Problem description: Give back exactly the lines of the material below, starting with the line with "LELEMON Christmas Diamond" and going on through the line with "Brown Leather Utility Jacket".

Raw data:
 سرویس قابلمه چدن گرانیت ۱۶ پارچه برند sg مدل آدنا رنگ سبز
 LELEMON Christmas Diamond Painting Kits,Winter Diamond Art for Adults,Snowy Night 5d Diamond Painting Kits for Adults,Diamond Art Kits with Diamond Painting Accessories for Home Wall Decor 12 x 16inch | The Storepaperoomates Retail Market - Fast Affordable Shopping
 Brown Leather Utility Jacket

...

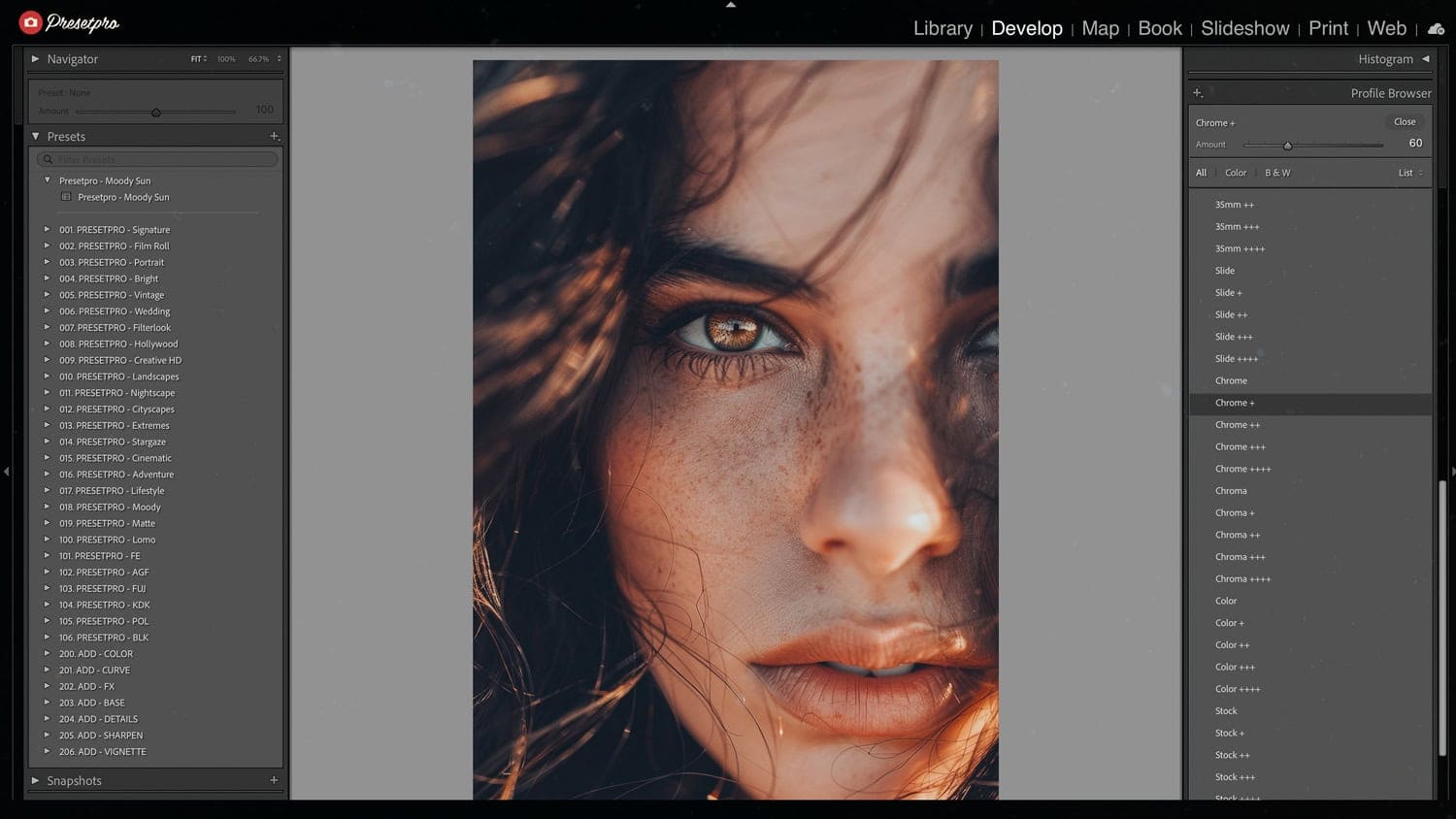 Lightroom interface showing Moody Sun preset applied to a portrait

Reply:
 LELEMON Christmas Diamond Painting Kits,Winter Diamond Art for Adults,Snowy Night 5d Diamond Painting Kits for Adults,Diamond Art Kits with Diamond Painting Accessories for Home Wall Decor 12 x 16inch | The Storepaperoomates Retail Market - Fast Affordable Shopping
 Brown Leather Utility Jacket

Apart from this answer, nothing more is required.